Problem description :: Write out again, exactly as they appear, the lines from the start of the data below through the line with "Welcome. Today I"; no pictures.

[Data for analysis — start]

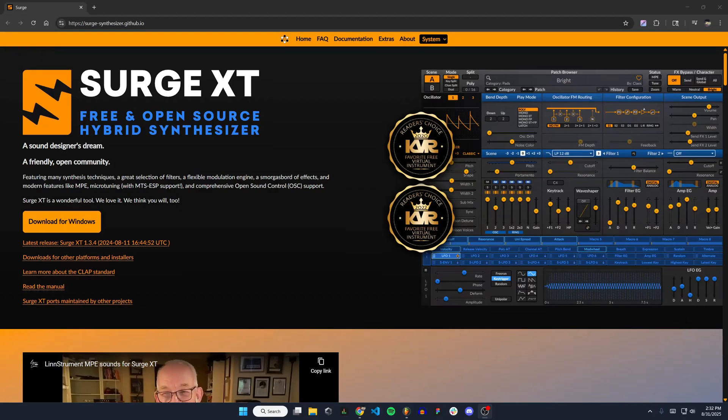Hello everyone. In this video I'm going to show you how to install the Surge XT Synthesizer to FL Studio.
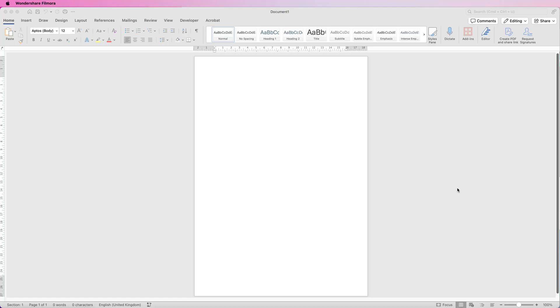Hi, welcome to the channel. In today's video I'm going to show you how to make a quick and simple Christmas card in Word.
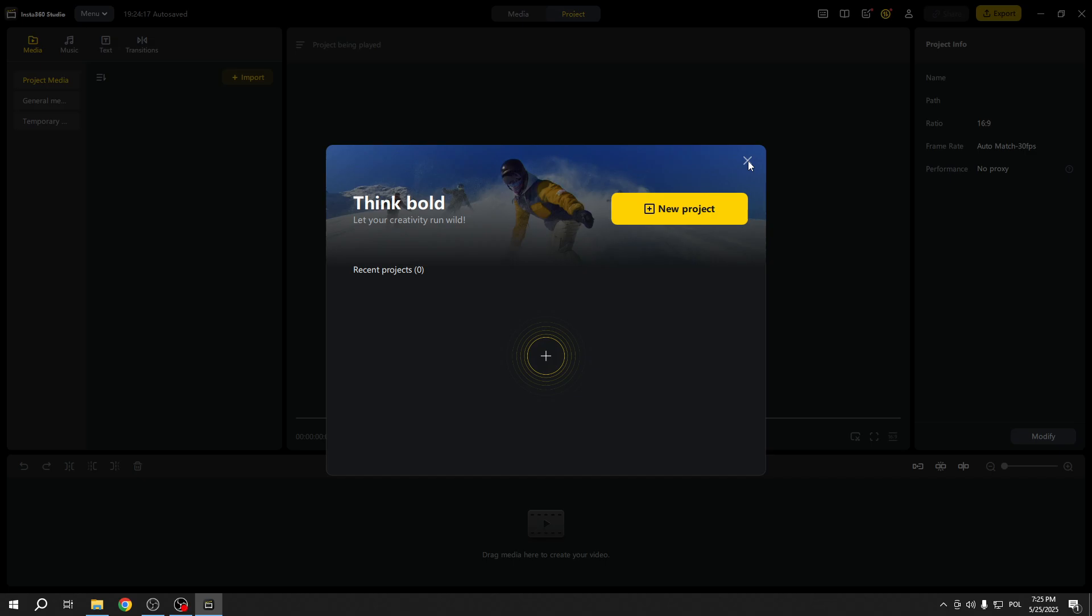Welcome. Today I will show you how to add subtitles to your video in Insta360 Studio application for PC.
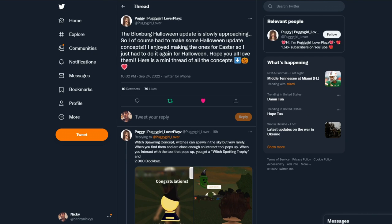Hello everyone and welcome back to my channel. Today we're going to be looking at this Bloxburg concept by Puggy Lover, Puggy Girl Lover plays. You can go find her at Puggy Girl underscore lover.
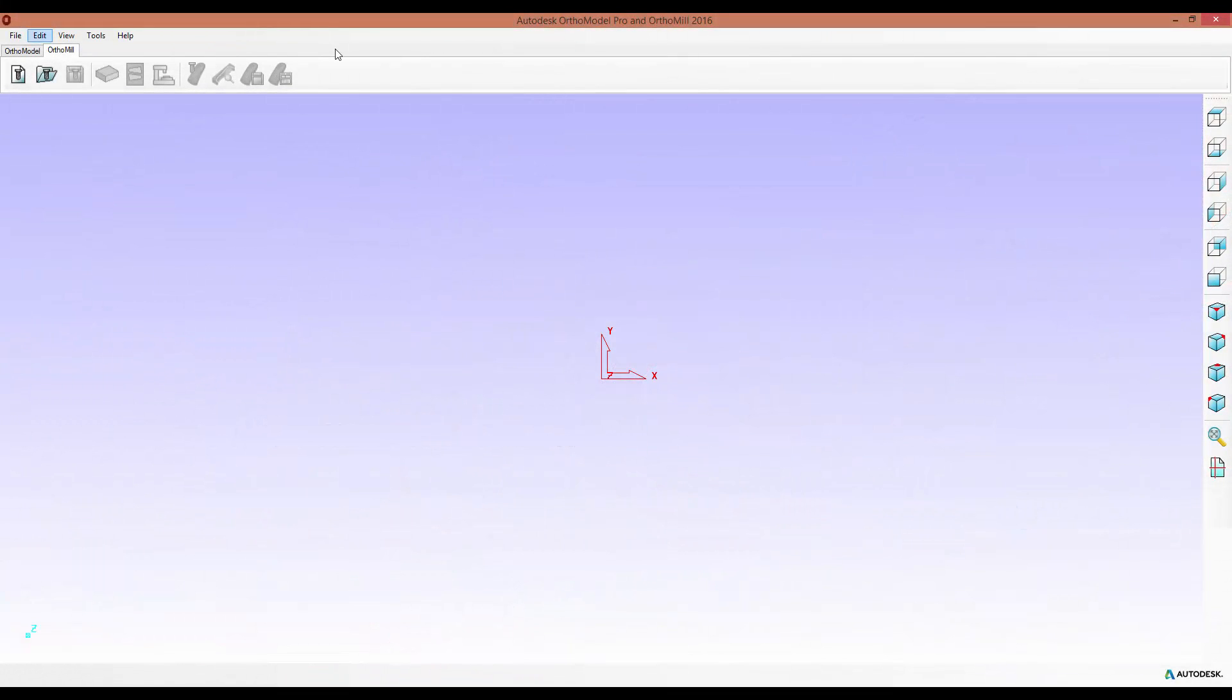Hello, and welcome to this OrthoMill 2016 New Features Guide. I'm going to be going through the changes made to Workpiece Definitions.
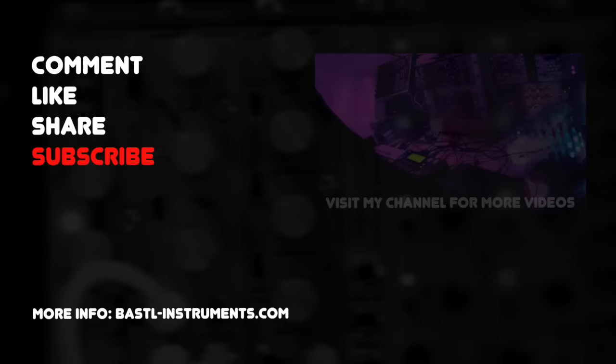And yeah, like, share and subscribe if you want to see more videos like that. And of course visit Bastl Instruments for all the information on their module lineup. Thanks a lot for watching and see you soon.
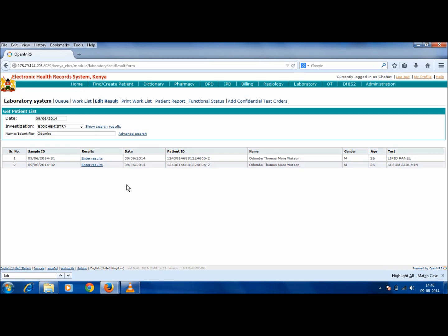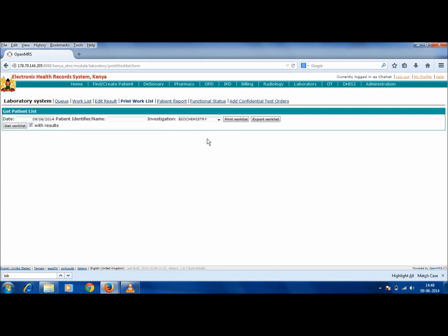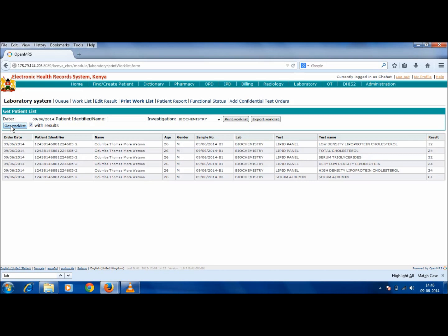Once the Work List has been filled correctly and edited if needed, we move to the next tab which is Print Work List. Click on Print Work List. Select a date and select the investigation from the drop-down menu. One sub-lab could be chosen or a consolidated list could also be chosen from this drop-down. Then click on Get Work List. Now this is the Work List of all the results that have been entered in the department of Biochemistry. There is also an option to generate this Work List without results by unchecking this box and then clicking on Get Work List, or with results by checking the box.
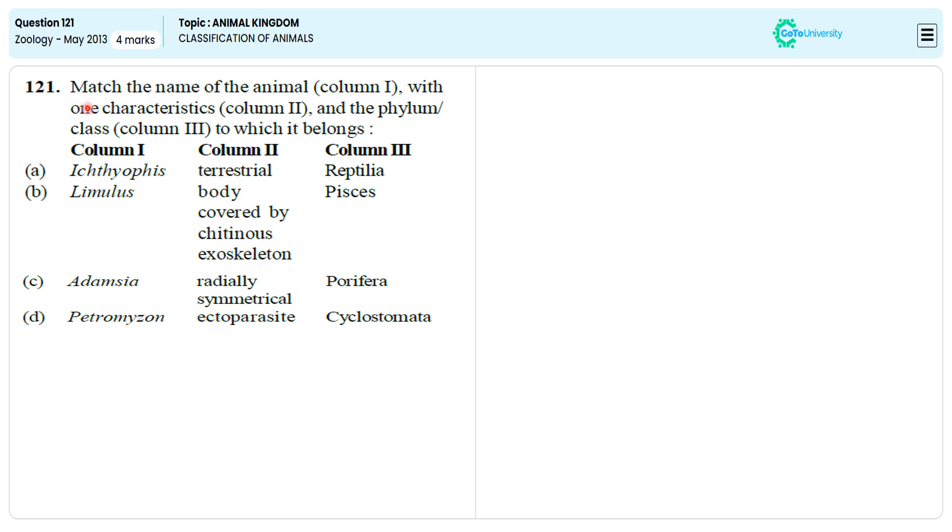In this multiple choice question, we are asked to specify the correct animal for the correct class by identifying the correct characteristic feature. For this, let me ignore the wrong options to specify the correct option.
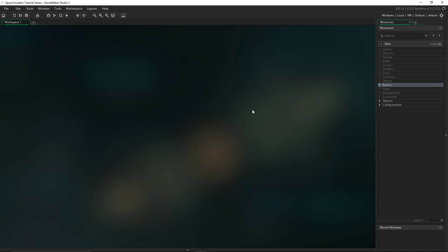Hello everybody, and welcome to a new tutorial series in GameMaker Studio 2. I will be showing you how to make a Space Invaders-like game. It won't be exactly the same, but it should be pretty cool and pretty interesting.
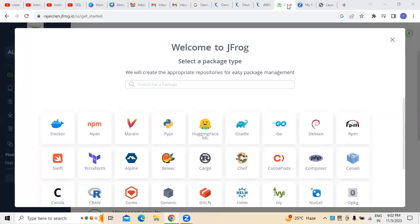Hi, in today's video, we are going to discuss JFrog. As whenever we are working in a JFrog environment, whenever we have registered with JFrog, it is important for us to select a package type because it completely depends on the kind of DevOps environment we are going to use.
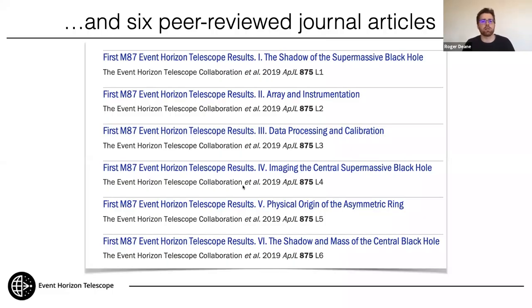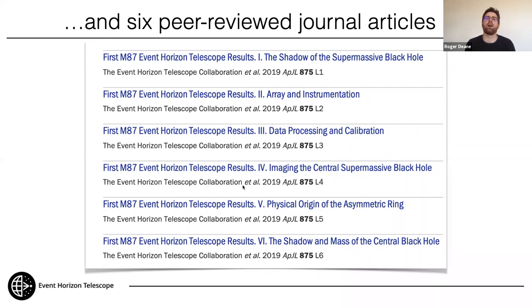Published on the same day were six papers. Paper I summarizes the entire result in letters format. Paper II covers the array and instrumentation, representing impressive engineering effort. Paper III presents the data processing and calibration, with three different calibration pipelines — fairly unprecedented — setting a very high bar for consistency. Paper IV presents three different imaging algorithms; the traditional VLBI method plus two new forward-modeling maximum-entropy methods, all giving very consistent image morphologies.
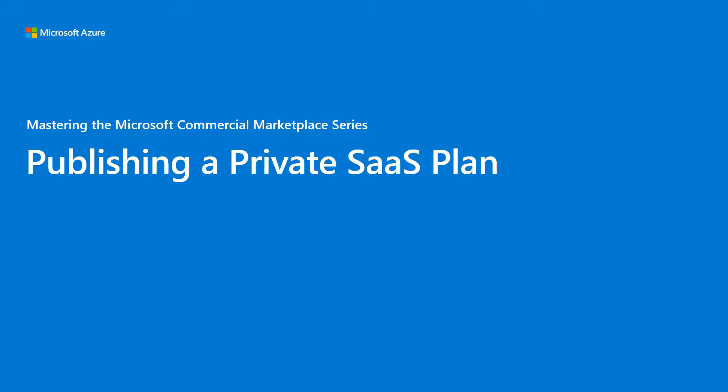Hello, this is David Starr and we're going to take an in-depth look at publishing private plans for SaaS offers. We've already created an offer in the module entitled publishing a SaaS offer. This brief module will focus exclusively on creating a private plan for that offer.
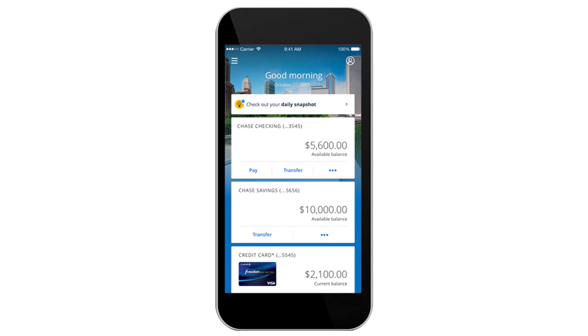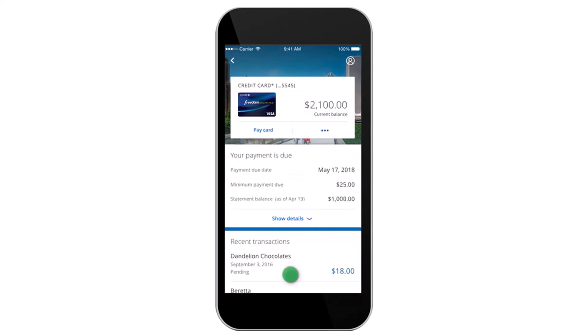Once you're logged in, your home page will look somewhat like this, where you'll have to select the account where you want to set up automatic payments. I'll simply choose my credit card, as I will be setting up automatic payment on my credit card. Once you've done that, simply tap on the option 'Show Details,' which is right over here.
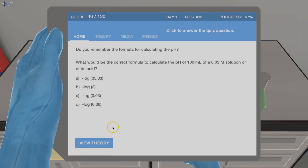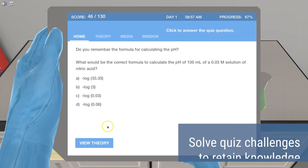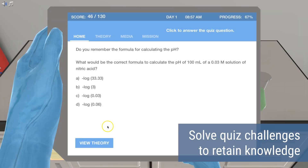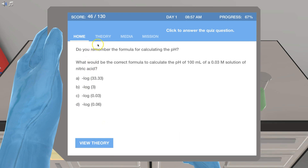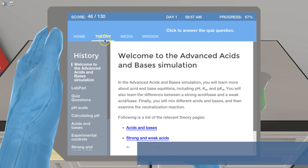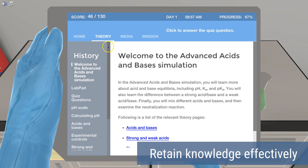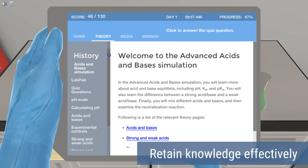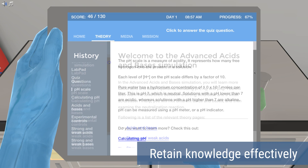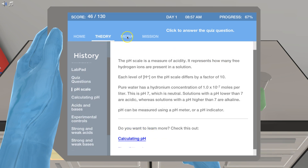Each simulation has quiz questions designed to help you learn and retain the new knowledge effectively. You will also have access to a full theory section, which provides you with relevant background information whenever needed.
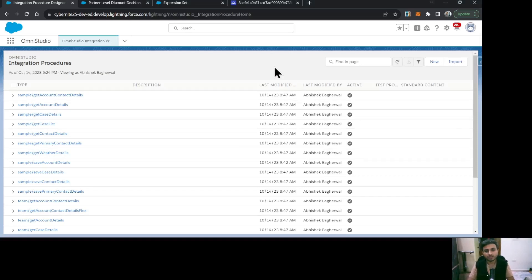Welcome back. In the last lecture we saw the configuration of the Business Rules Engine, where we created a decision matrix and an expression set, and called that expression set as an action in a screen flow to get resultant prices and discounts by providing the partner level. In this lecture we'll do the same thing but using OmniScript instead. To use the expression set in an OmniScript, we need to create an integration procedure, call the expression set from it, and then use that integration procedure in the OmniScript.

[Data for analysis — finish]

Task answer ::
Hello everyone. In this video I'm going to show you how to install the Surge XT Synthesizer to FL Studio.
Hi, welcome to the channel. In today's video I'm going to show you how to make a quick and simple Christmas card in Word.
Welcome. Today I will show you how to add subtitles to your video in Insta360 Studio application for PC.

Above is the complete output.